Finalmente salí a la calle; el escándalo seguía. Un jolgorio similar —quizás un poco menos caótico; tal vez no— a cómo describe Gómez la Plaza Mayor de la Nueva España. El vendedor de aguas las pregonaba a tres por diez pesos. Tamales ofrecía otro. Por encima de sus gritos y de los cohetes resonaban, profundos, los tambores de los concheros, danzantes aztecas que bailan para convocar a los espíritus que tumbarán esa catedral levantada sobre la sangre de sus antepasados y sus sagrados templos.
Me encaminaba a la entrada del metro para hundirme en el inframundo cuando miré hacia la puerta del Sagrario. “¿Y si lo pasaron para acá?”, me pregunté pensando en la criatura divina. Decidida, como casi nunca, traspasé la reja, dejé que me volviera a revisar el otro vigilante y entré por la abertura derecha del portón. De más está decírselos, ya lo saben: lo primero que vi fue la figura del Santo Niño con sus deditos en posición de bendecir y la bolita del mundo en la mano izquierda. Era mediodía y las campanas empezaron a tañer.
Allí me senté, a sus pies, riéndome de su travesura. Ante mí, Nuestra Señora de Guadalupe; al otro lado, san Judas Tadeo. Le eché sus habladas —como dice Ildefonso—, breves, y cuando ya iba a levantarme —¡esas urgencias con que andamos en esta vida “moderna”!—, díjeme: “A ver, Odette, cuál es la prisa… Relájate, disfruta esta paz, este silencio, acuérdate cómo está la cosa allá afuera”. Con reticencia, el cuerpo fue distensándose; hasta empecé a sentir un dolorcito en el omóplato izquierdo.

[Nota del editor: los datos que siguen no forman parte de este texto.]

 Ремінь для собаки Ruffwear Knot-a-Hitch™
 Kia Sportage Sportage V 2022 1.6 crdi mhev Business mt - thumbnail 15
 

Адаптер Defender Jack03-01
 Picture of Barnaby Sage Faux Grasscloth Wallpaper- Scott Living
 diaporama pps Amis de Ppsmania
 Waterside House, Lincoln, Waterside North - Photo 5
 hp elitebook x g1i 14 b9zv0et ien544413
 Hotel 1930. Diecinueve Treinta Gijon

Entonces, la monótona voz del sacerdote que oficiaba misa en la Catedral y se escuchaba en el sagrario gracias al sistema de audio local, dijo que haría unos minutos de silencio para que quienes allí estuvieran se comunicaran directamente con el Padre Eterno.

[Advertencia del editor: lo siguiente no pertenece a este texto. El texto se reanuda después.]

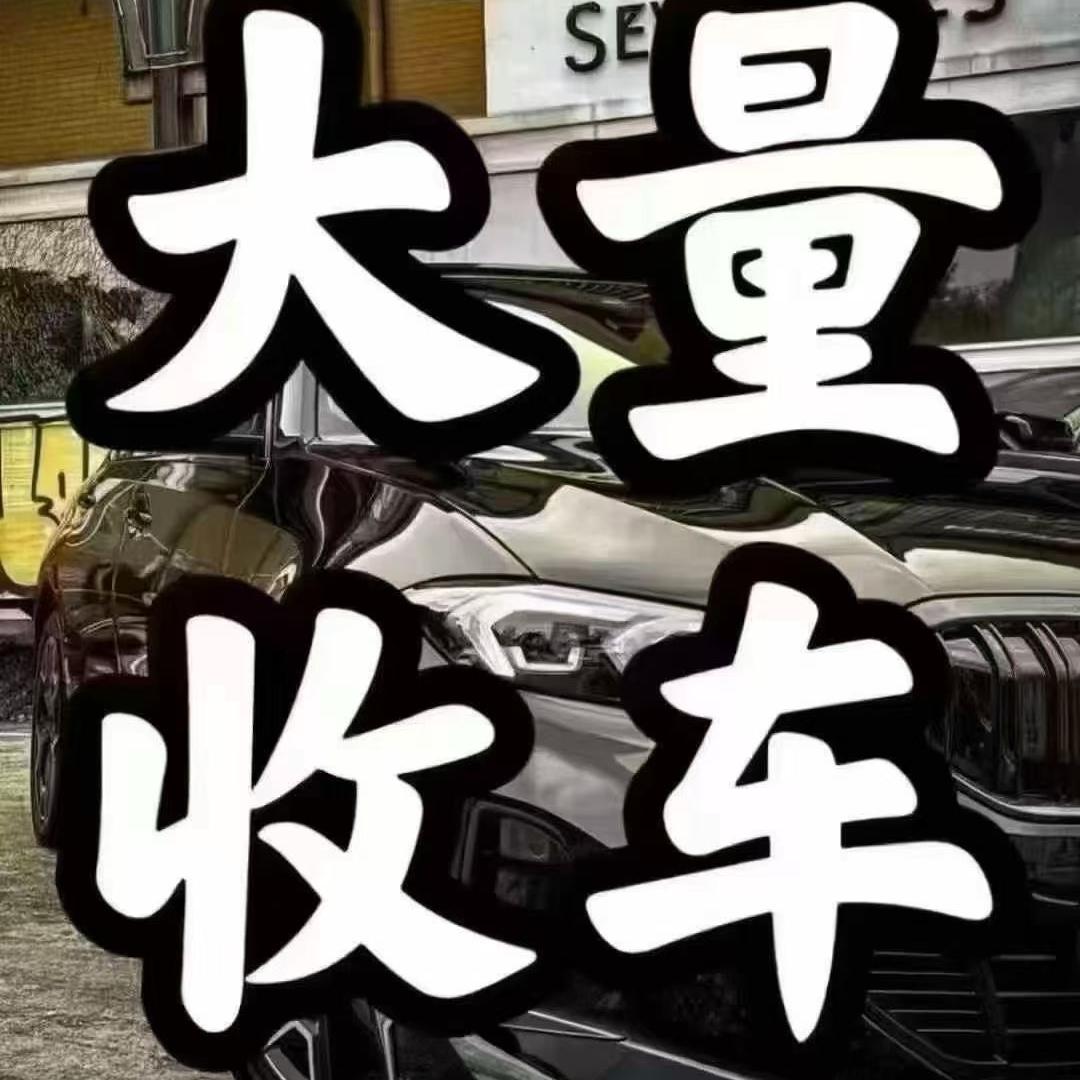 珊姐秒车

Como supuse que si todos le hablábamos al mismo tiempo el Señor estaría tan aturdido que no escucharía realmente a nadie, le mandé mensaje con el Niño: “Oye, dile a tu papá…” Cuando empezó la musiquita que indicaba la continuación de la liturgia, me despedí y salí del templo. Iba flotando. Como anestesiada. Oyendo un coro de mujeres que cantaba la “Romanza de los campos”. Adelante iban Juanita y Azucena, las monjas de San Jerónimo, mis amigas del pre, las de la universidad. Isabel Ramírez, mi madre y mi tía Noris. Rodearon la boca del metro mientras iba bajando y fueron escuchándose cada vez más lejos a medida que avanzaba por el pasillo engentado de la estación Zócalo. Así, sigue llegándome su canto. Como la huella de los siglos. En lontananza.